> _Activity_
Only the lines below from the one that contains "City Chic Kira" through the one that contains "Chane* Camellia Calfskin" should appear in your answer, exact and without pictures.

> _Records shown_
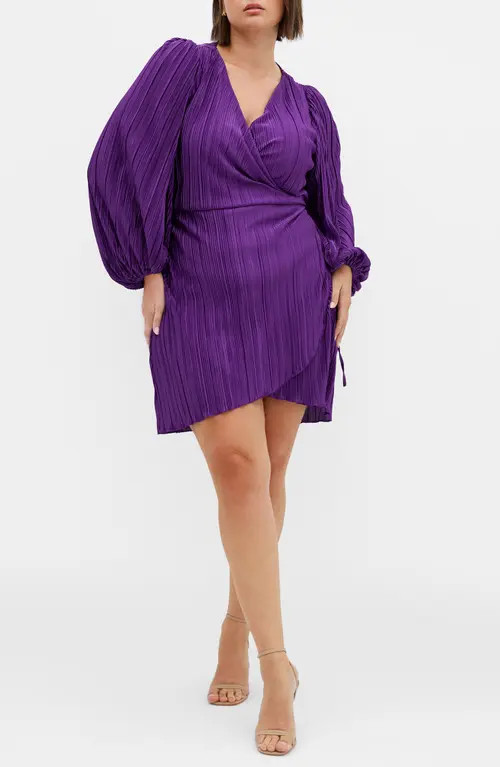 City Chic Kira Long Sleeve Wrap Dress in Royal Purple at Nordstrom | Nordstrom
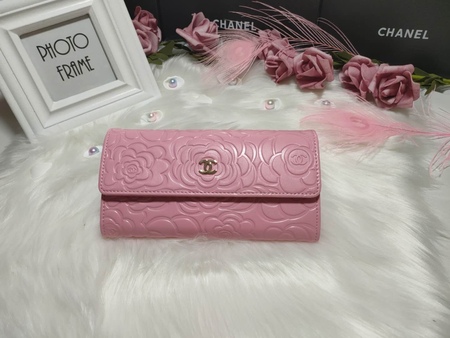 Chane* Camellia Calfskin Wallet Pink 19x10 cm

==

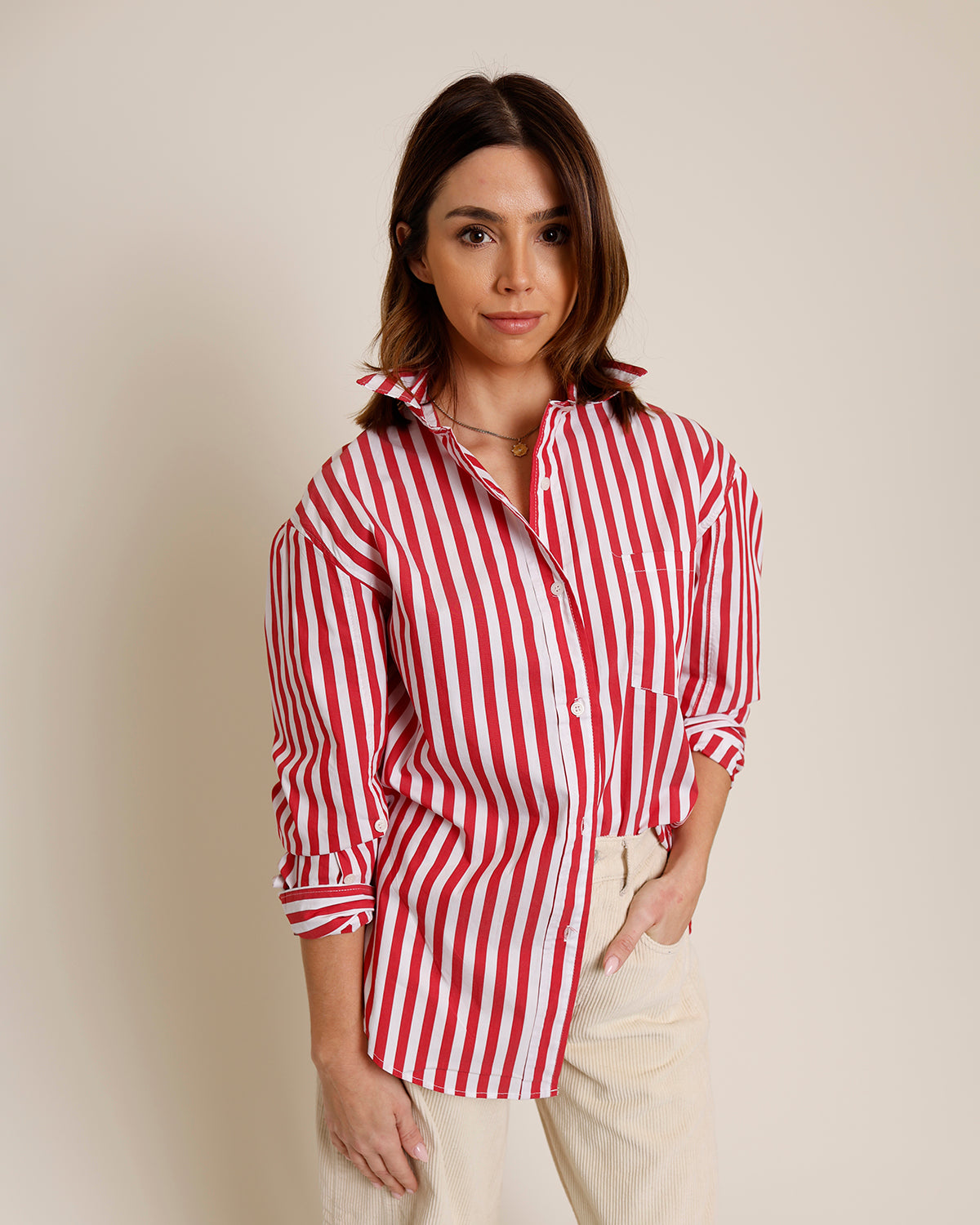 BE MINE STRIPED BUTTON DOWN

---

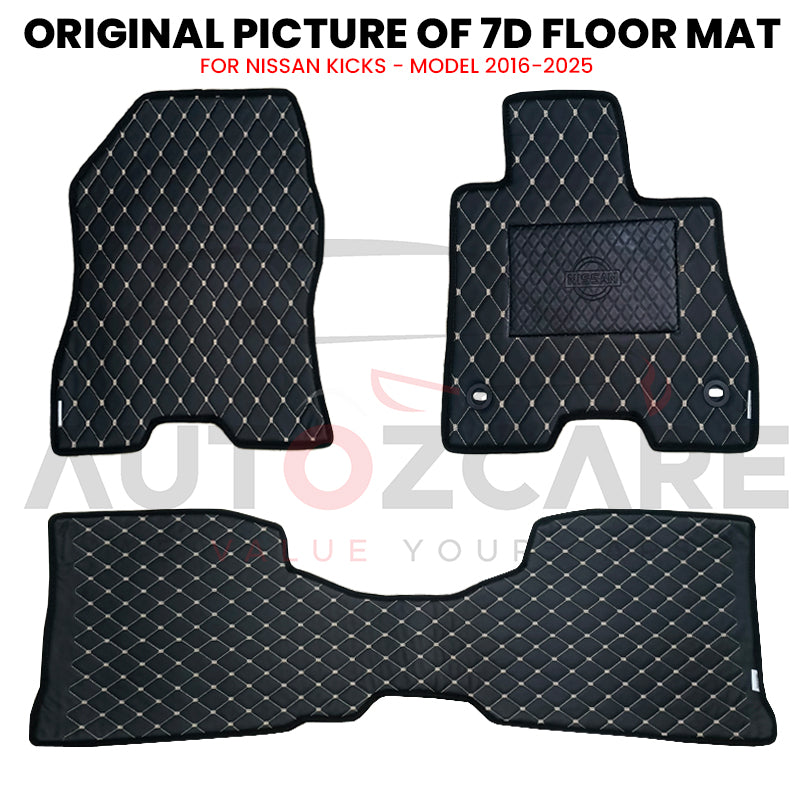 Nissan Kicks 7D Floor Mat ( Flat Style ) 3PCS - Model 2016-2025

> _Worked solution_
 City Chic Kira Long Sleeve Wrap Dress in Royal Purple at Nordstrom | Nordstrom
 Chane* Camellia Calfskin Wallet Pink 19x10 cm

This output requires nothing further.